Materials provided:
━━━

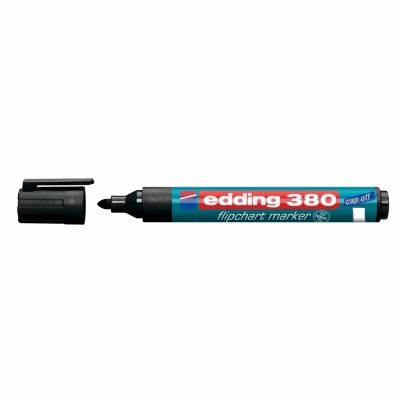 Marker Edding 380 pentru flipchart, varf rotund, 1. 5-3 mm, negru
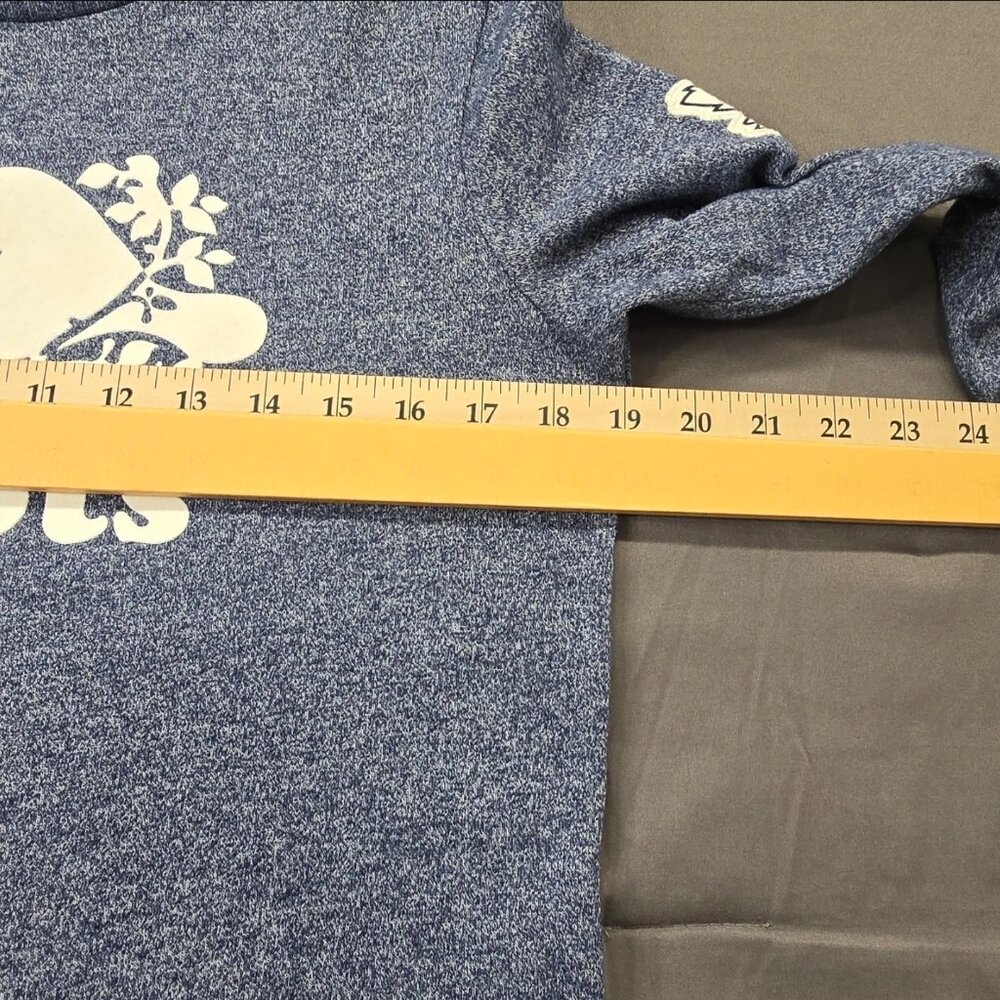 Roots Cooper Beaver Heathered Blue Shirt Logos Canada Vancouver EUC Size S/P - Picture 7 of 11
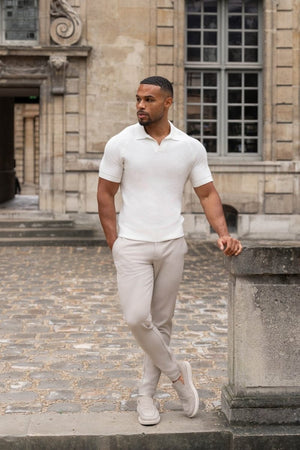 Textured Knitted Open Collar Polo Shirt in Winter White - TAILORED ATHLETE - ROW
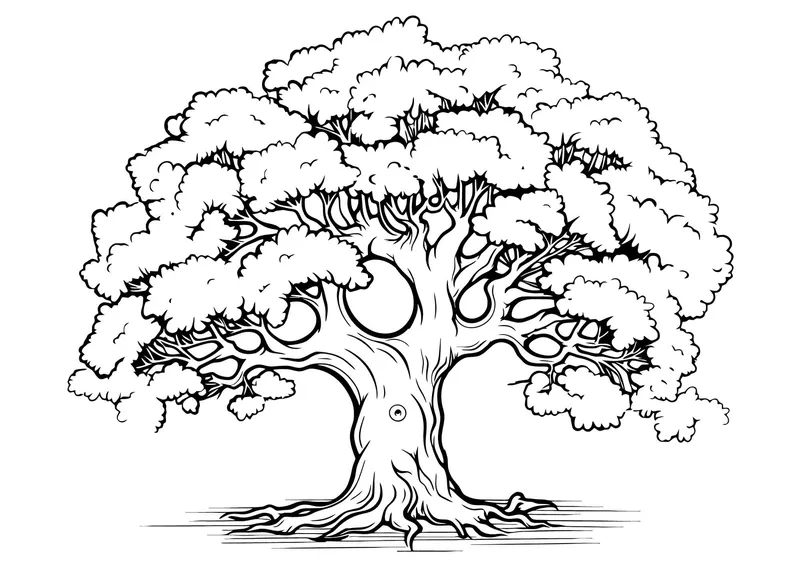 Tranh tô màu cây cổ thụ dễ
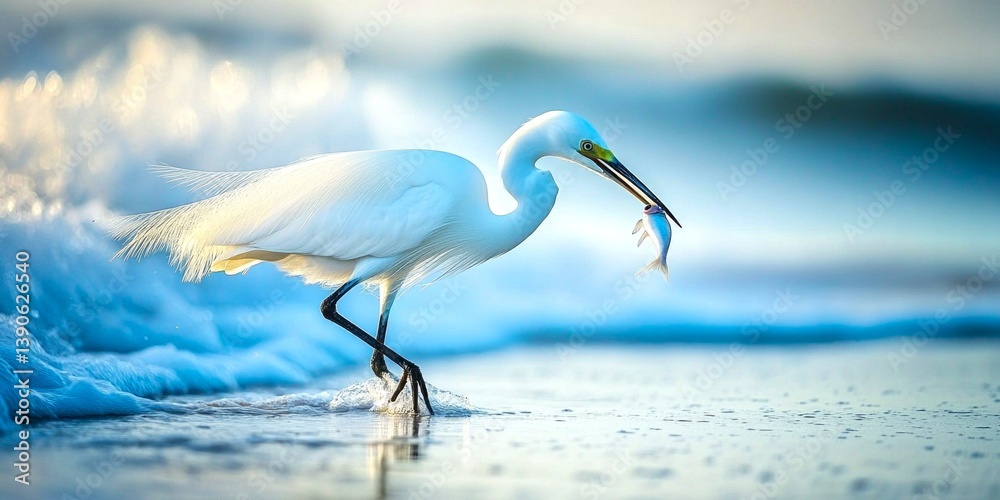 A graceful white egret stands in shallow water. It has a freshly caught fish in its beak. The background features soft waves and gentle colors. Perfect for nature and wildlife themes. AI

━━━

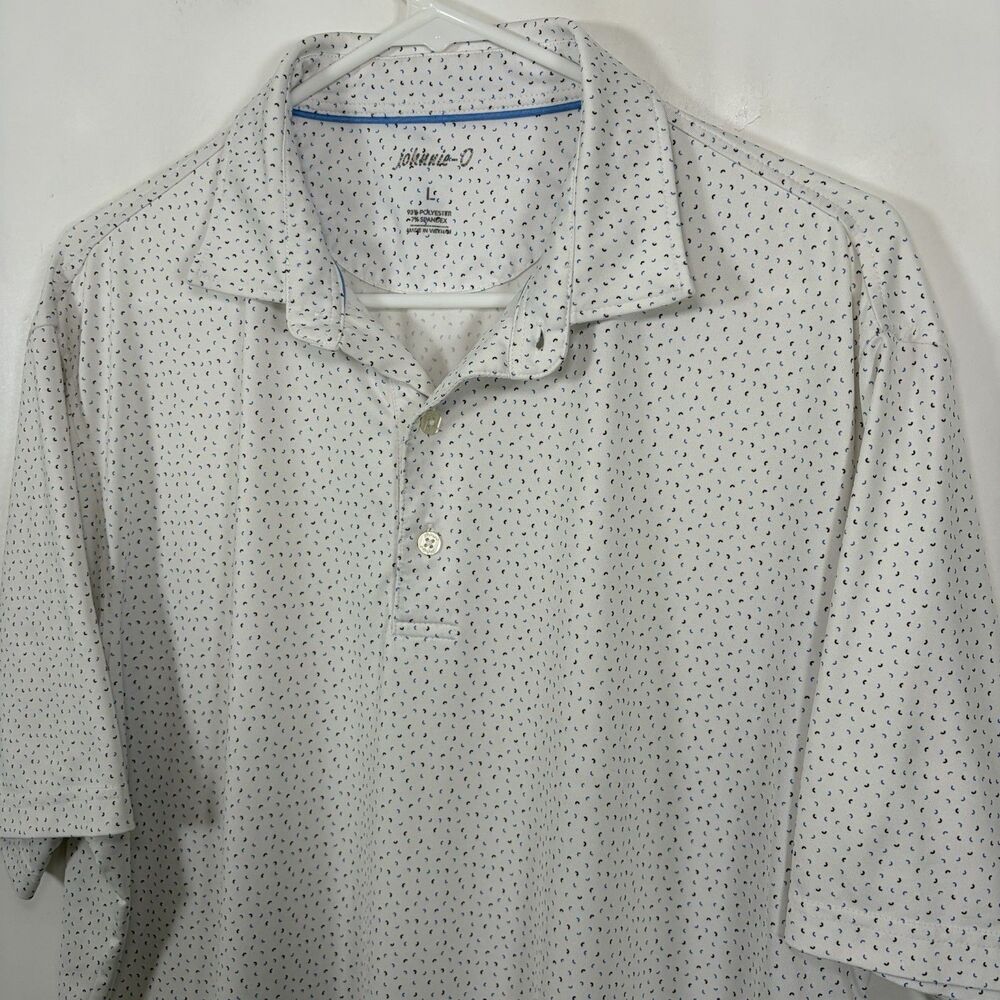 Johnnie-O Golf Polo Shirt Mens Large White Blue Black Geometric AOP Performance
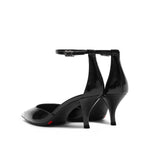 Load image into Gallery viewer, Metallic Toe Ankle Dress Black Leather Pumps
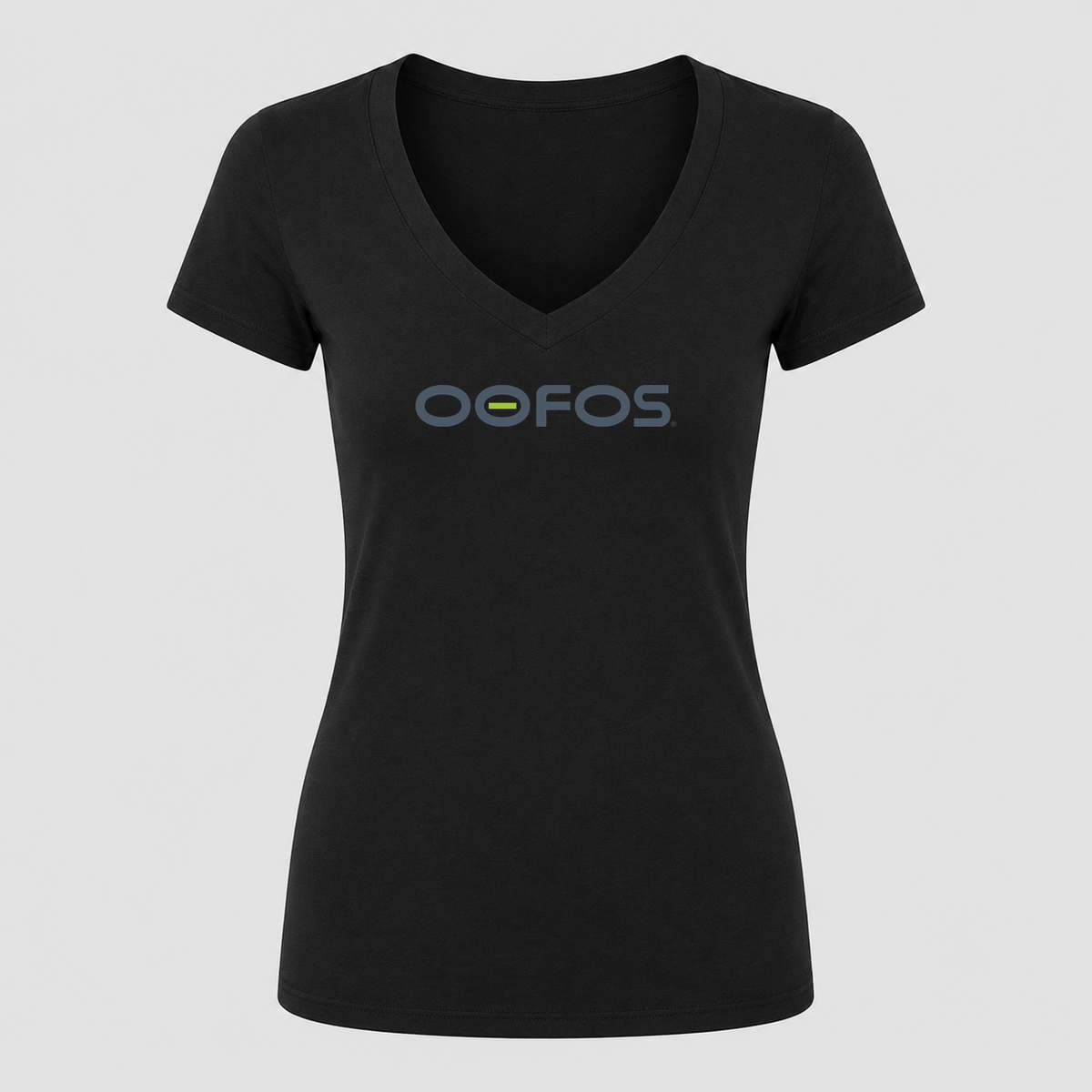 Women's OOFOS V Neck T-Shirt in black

━━━

Exercise instructions:
Retype only the lines above from the one with "Marker Edding 380" through the one with "Tranh tô màu cây cổ thụ dễ", exactly and with both ends. Images stay out.

Completed exercise:
 Marker Edding 380 pentru flipchart, varf rotund, 1. 5-3 mm, negru
 Roots Cooper Beaver Heathered Blue Shirt Logos Canada Vancouver EUC Size S/P - Picture 7 of 11
 Textured Knitted Open Collar Polo Shirt in Winter White - TAILORED ATHLETE - ROW
 Tranh tô màu cây cổ thụ dễ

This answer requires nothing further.